> _Information_
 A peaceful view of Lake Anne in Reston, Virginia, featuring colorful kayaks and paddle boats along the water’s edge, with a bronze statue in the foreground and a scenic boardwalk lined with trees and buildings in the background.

---

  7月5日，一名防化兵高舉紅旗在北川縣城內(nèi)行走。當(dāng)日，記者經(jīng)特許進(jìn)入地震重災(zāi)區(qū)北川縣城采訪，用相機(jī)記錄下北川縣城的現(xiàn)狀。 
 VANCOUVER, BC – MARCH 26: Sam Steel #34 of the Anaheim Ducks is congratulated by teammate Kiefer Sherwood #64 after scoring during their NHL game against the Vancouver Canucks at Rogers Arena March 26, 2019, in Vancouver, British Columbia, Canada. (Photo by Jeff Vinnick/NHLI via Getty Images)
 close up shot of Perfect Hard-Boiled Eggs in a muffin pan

--

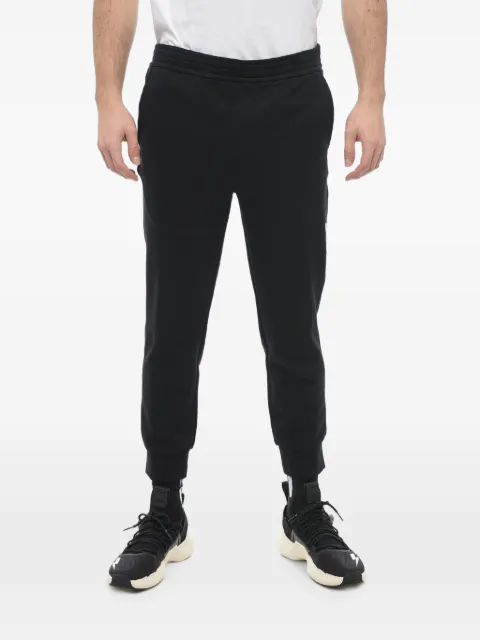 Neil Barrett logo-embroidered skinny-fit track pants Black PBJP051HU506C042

> _Description of the task_
Both end lines included, restate word for word the lines above from the line with "7月5日，一名防化兵高舉紅旗" to the line with "close up shot", and nothing else.

> _Response box_
  7月5日，一名防化兵高舉紅旗在北川縣城內(nèi)行走。當(dāng)日，記者經(jīng)特許進(jìn)入地震重災(zāi)區(qū)北川縣城采訪，用相機(jī)記錄下北川縣城的現(xiàn)狀。 
 VANCOUVER, BC – MARCH 26: Sam Steel #34 of the Anaheim Ducks is congratulated by teammate Kiefer Sherwood #64 after scoring during their NHL game against the Vancouver Canucks at Rogers Arena March 26, 2019, in Vancouver, British Columbia, Canada. (Photo by Jeff Vinnick/NHLI via Getty Images)
 close up shot of Perfect Hard-Boiled Eggs in a muffin pan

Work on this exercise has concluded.